All was well until, in beta testing, I bumped into a bug involving the p-value for the F test of overall fit (you know, the test where failure to reject the null hypothesis would signal that your model contended for the worst regression model in the history of statistics). Rather than getting a single number between 0 and 1, in one test it printed out as a vector of numbers well outside that range. Huh???
I beat my head against an assortment of flat surfaces before I found the bug. The following chunk of demonstration code sums it up.

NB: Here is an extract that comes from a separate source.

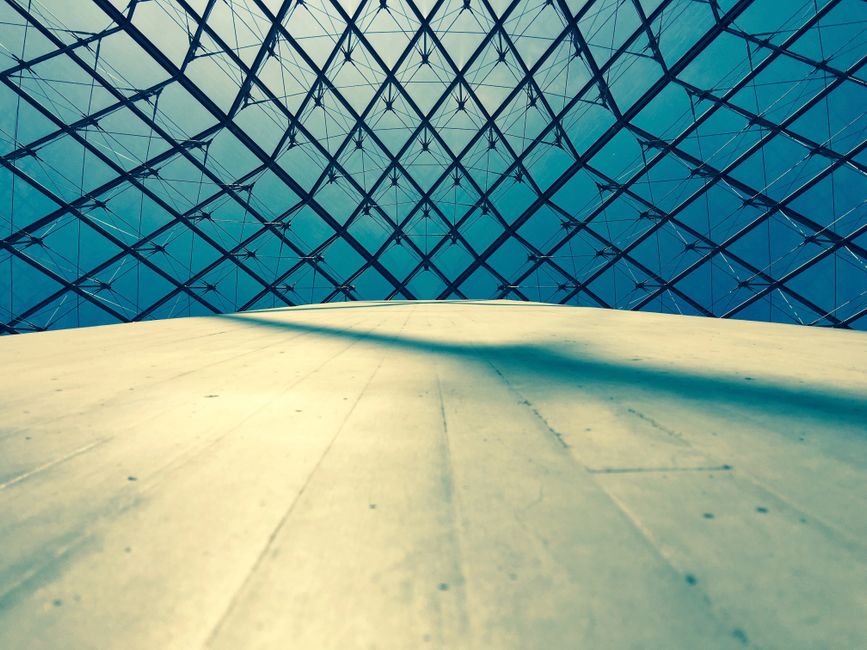ETF Landscape: Broad Exposure vs. AI-Centric Bets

export <- list() # create an empty export list
print(export$f) # result: NULL
export$fitted <- c(2, 3, 1, 7) # (simulated) fitted values
print(export$f) # result: [1] 2 3 1 7
Created by Pretty R at inside-R.org
The intent was to store the p-value of the test of overall fit in
export$f, and the fitted values in
export$fitted. If the user never checked the F test, I wanted
export$f to be null, which would signal the export subroutine to skip it. Instead, the export subroutine autocompleted
export$f (which did not exist) to
export$fitted (which did exist) and spat out the mystery vector. There are multiple ways to avoid the bug, the simplest being to rename
export$f to something like
export$fprob, where "fprob" is not a substring of the name of any other entry of
export.
I do my R coding inside
RStudio, which provides autocompletion
suggestions. Somewhere along the line, I think I came across the fact that the R interpreter autocompletes some things. It never occurred to me that this would happen when a script ran. When running commands interactively, I suppose the autocomplete feature saves some keystrokes. That's not generally an issue when running scripts, so I don't know why autocomplete is not turned off when "sourcing" a script.
At any rate, letting the betting commence on how long it will take me to forget this (and trip over it again).